SunOpta Inc. is selling its global ingredients business for about $389 million, a dramatic slimming down of its portfolio in the company's ongoing turnaround efforts.
By selling the business, its largest at 40% of its total revenue, SunOpta is effectively abdicating its position within the organic commodities market.
The company, which moved its headquarters from suburban Toronto to Edina, announced last week it had reached the sale agreement with Netherlands-based Amsterdam Commodities N.V.
"It's an incredibly diverse business," said Joe Ennen, chief executive of SunOpta. "We were the ones sourcing those organic ingredients around the world. That whole commodity sourcing business is what we sold, so we are principally now a packaged goods business."
SunOpta's global ingredients unit identifies land and crops to convert to organic, then sources, processes and sells the raw foodstuffs to food manufacturers.
Commodities, however, are a lower margin part of the supply chain and SunOpta — saddled with some expensive debt — has struggled to maintain profitability for several years. Ennen set the company on a turnaround path when he was appointed CEO in April 2019.
"The thing that was getting in the way was we are trying to do too many things. Five years ago we were making baby food pouches, we were milling corn and soy, we were in crazy categories where we had no right to win," Ennen said. "I've come in and focused on a couple of core platforms and put the people, resources, money and the right team behind it. We've really simplified it down to fruit-based foods and plant-based foods."
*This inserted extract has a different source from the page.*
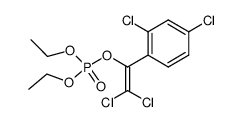 Phosphoric acid 2,2-dichloro-1-(2,4-dichloro-phenyl)-vinyl ester diethyl ester Structure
SunOpta's stock has risen 250% in the last year.
When the sale finalizes in January, SunOpta will use the proceeds to pay down debt, add capacity to its existing products and look to other acquisitions that would align with its higher-margin plant-based foods.
"We consider the sale to be strategically sound," wrote Jon Andersen, an analyst with William Blair & Co., in a note. "The transaction should enhance SunOpta's long-term growth profile by focusing the portfolio on categories with above-average and sustainable growth dynamics."
The company is in the midst of aggressively expanding its production of oat milk with a $26 million upgrade to its facility in Alexandria, Minn. Sales of oat milk shot up 247% last year, according to provided Nielsen data, making it the second-most popular milk alternative behind almond milk, which SunOpta also makes.
SunOpta posted $1.2 billion in revenue last year.